▸ **WHAT YOU ARE ASKED TO DO**
Your copy of the entries below should hold exactly the lines from the one containing "blu - vista 3" to the one containing "Shimano Teramar XX NE Casting Rods", inclusive, and no pictures.
── LISTED ENTRIES
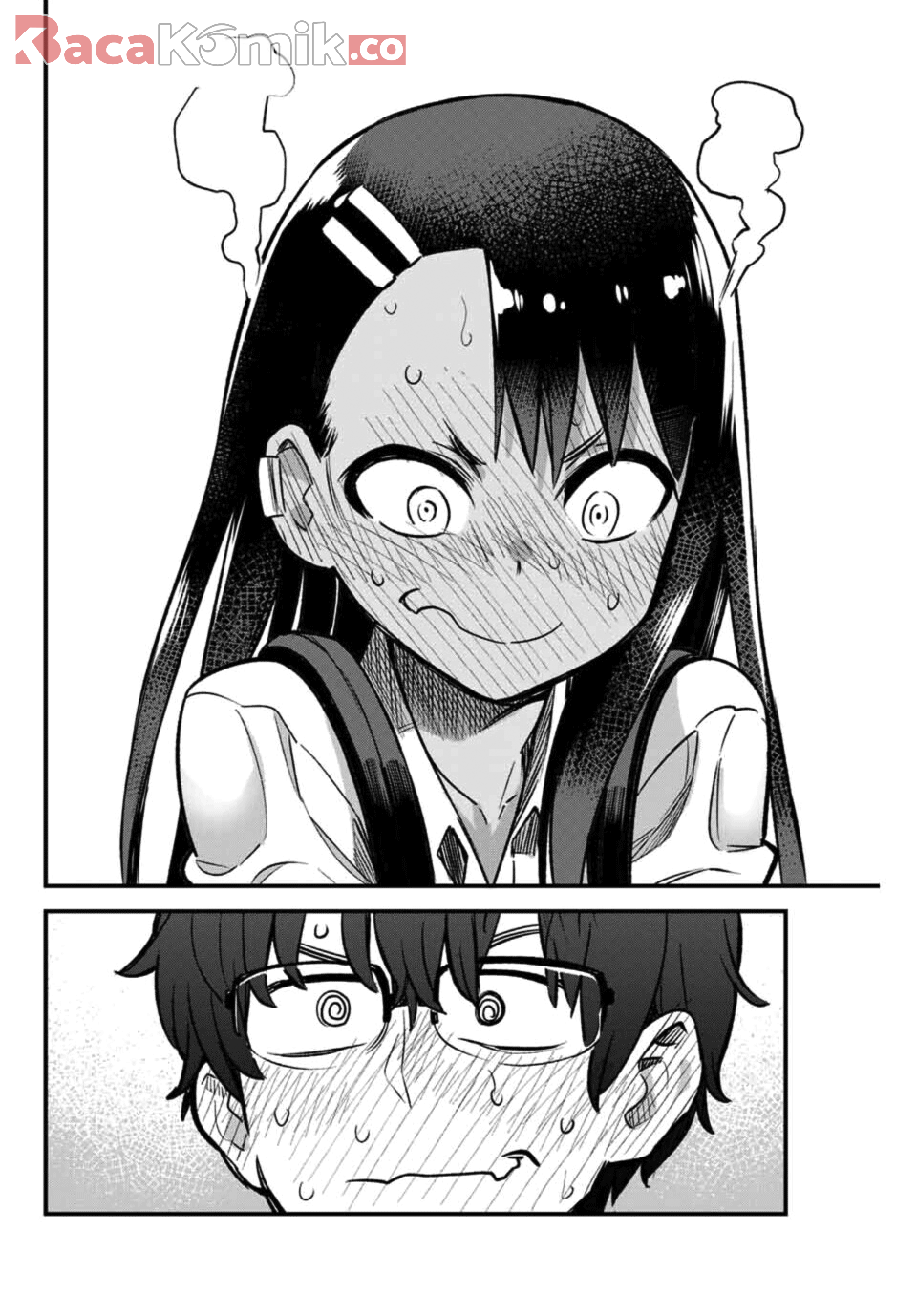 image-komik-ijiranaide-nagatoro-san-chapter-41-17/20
────
── LISTED ENTRIES
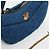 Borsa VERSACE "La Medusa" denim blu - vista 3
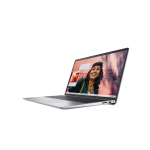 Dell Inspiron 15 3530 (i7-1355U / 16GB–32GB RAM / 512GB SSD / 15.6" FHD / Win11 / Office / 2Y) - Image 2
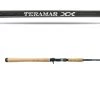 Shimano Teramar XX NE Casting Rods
────
▸ **OUTPUT OF THE TASK**
 Borsa VERSACE "La Medusa" denim blu - vista 3
 Dell Inspiron 15 3530 (i7-1355U / 16GB–32GB RAM / 512GB SSD / 15.6" FHD / Win11 / Office / 2Y) - Image 2
 Shimano Teramar XX NE Casting Rods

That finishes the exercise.